With its four to five thousand individual data points, Cambridge Analytica could form a far more comprehensive picture of its targets and “nuance” its messaging accordingly. And adapting the right messaging method to the right psychographic profile might make all the difference in nudging a consumer or a voter just enough to change their behavior in the desired direction.
To see how this works in practice, let’s take a simplified example.
Say there’s a potential voter with a high N (for Neuroticism) score in his psychographic profile. Let’s call him Jimmy. Jimmy’s online purchase history suggests that he’s a gun owner, but he also has liked a number of posts on his Facebook Newsfeed that support certain gun control regulations. He’s basically a moderate on this issue.
How can targeted advertising help nudge Jimmy into voting for a politician with a much stronger stance on gun rights? By making sure he sees banner ads, television commercials, and direct mailers that use the behavioral messaging method that best correlates with the OCEAN score in his psychographic profile.
Cambridge Analytica’s OCEAN model
As you might expect, people like Jimmy, with neurotic temperaments, tend to be more susceptible to negative emotions, especially anxiety and stress. They are more likely to experience situations and even images and videos as threatening. Ads that play on these emotions — that is, ads whose behavioral messaging induces fear — are likely to resonate with Jimmy at a subconscious level. For highly neurotic audiences, Nix said, Cambridge Analytica designed ads that showed “the hand of an intruder smashing a window.”

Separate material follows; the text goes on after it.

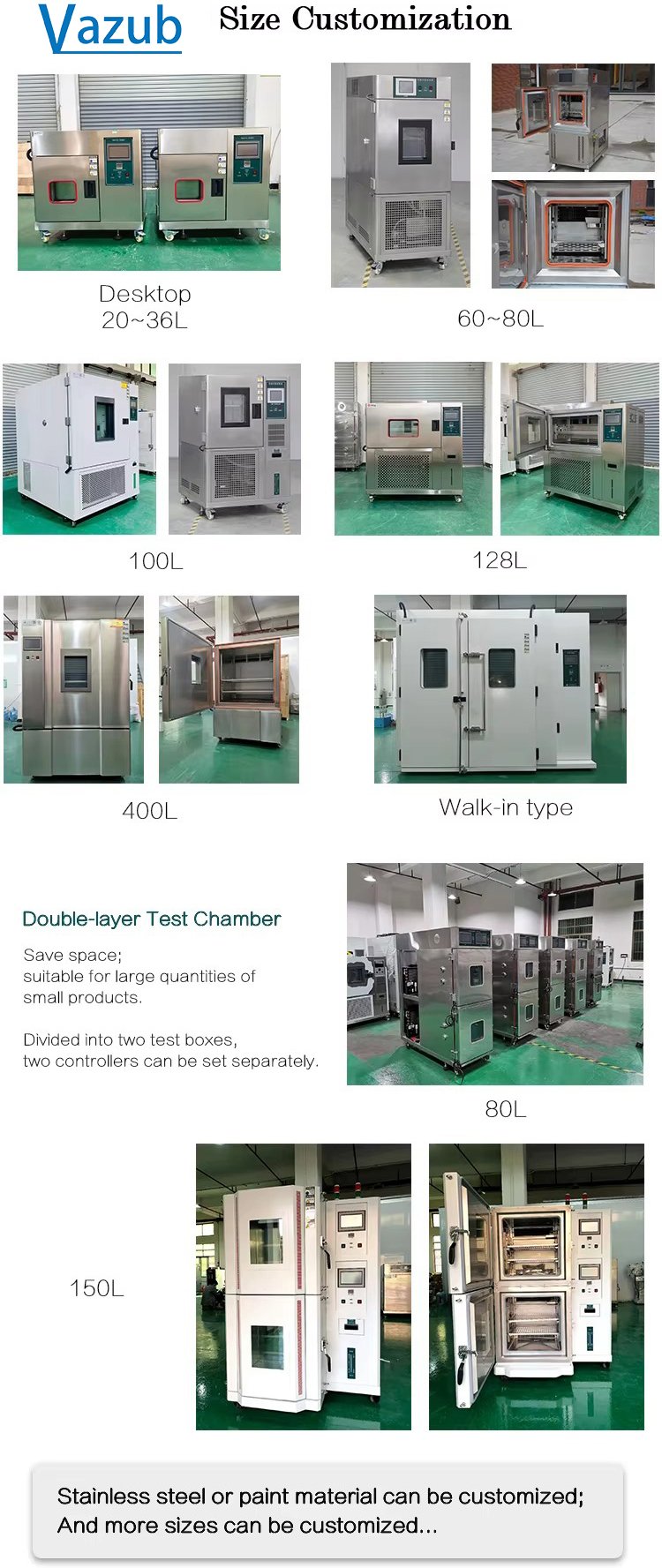 Vazub -70℃~+150℃ laboratorio simulato clima programmabile temperatura e umidità controllo prova camera clima produttore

Those ads should then show how unfettered access to gun ownership provides a sense of security and peace of mind: or an “insurance policy,” to use Nix’s words. Gun ownership is a solution to Jimmy’s anxieties and insecurities.
Republicans, it should be said, weren’t the only ones to use psychographics. These techniques were also adopted by Blue State Digital a digital and technology service firm whose clients have included both Barack Obama and Hillary Clinton.
The real estate industry
Psychographics also has applications in real estate. For example, the Oleander residential complex in Brookhaven, Georgia leverages psychographic principles to appeal to potential residents with specific personality traits.
Source: Live Oleander
The 384-unit luxury development was developed by Toll Brothers Apartment Living in partnership with Chicago-based interior design firm Mary Cook Associates. Before beginning construction, Mary Cook Associates conducted psychographic research to identify the values shared by the realtor’s target market.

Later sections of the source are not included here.